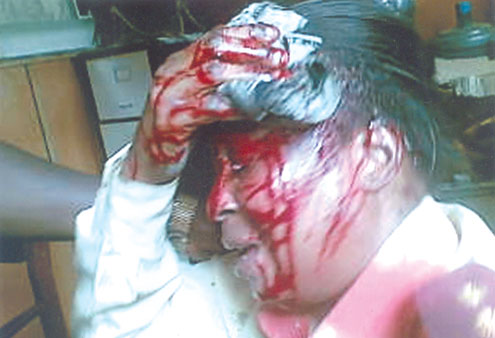 Mrs. Adegeye, knocked down by a vehicle.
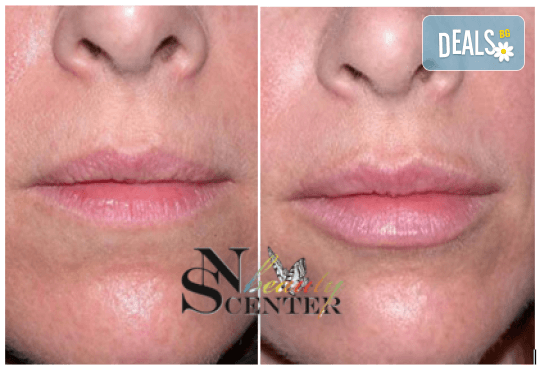 Безиглено уголемяване на устни или попълване на бръчки с американски хиалуронов филър и ултразвук от NSB Beauty Center! - Снимка 3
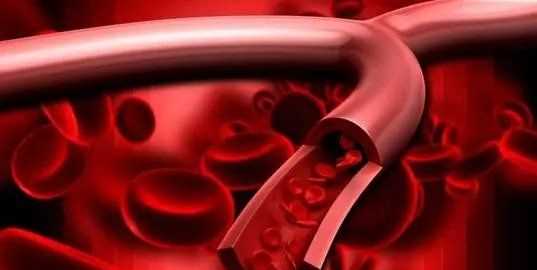 o型血為什么是萬(wàn)能血,o型血為什么是萬(wàn)能血圖3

*INSTRUCTIONS FOR THE TASK*
Reproduce the listing above from the line that contains "Безиглено уголемяване на" through its final line, exactly and with nothing added. Omit the images.

*WRITTEN RESPONSE*
 Безиглено уголемяване на устни или попълване на бръчки с американски хиалуронов филър и ултразвук от NSB Beauty Center! - Снимка 3
 o型血為什么是萬(wàn)能血,o型血為什么是萬(wàn)能血圖3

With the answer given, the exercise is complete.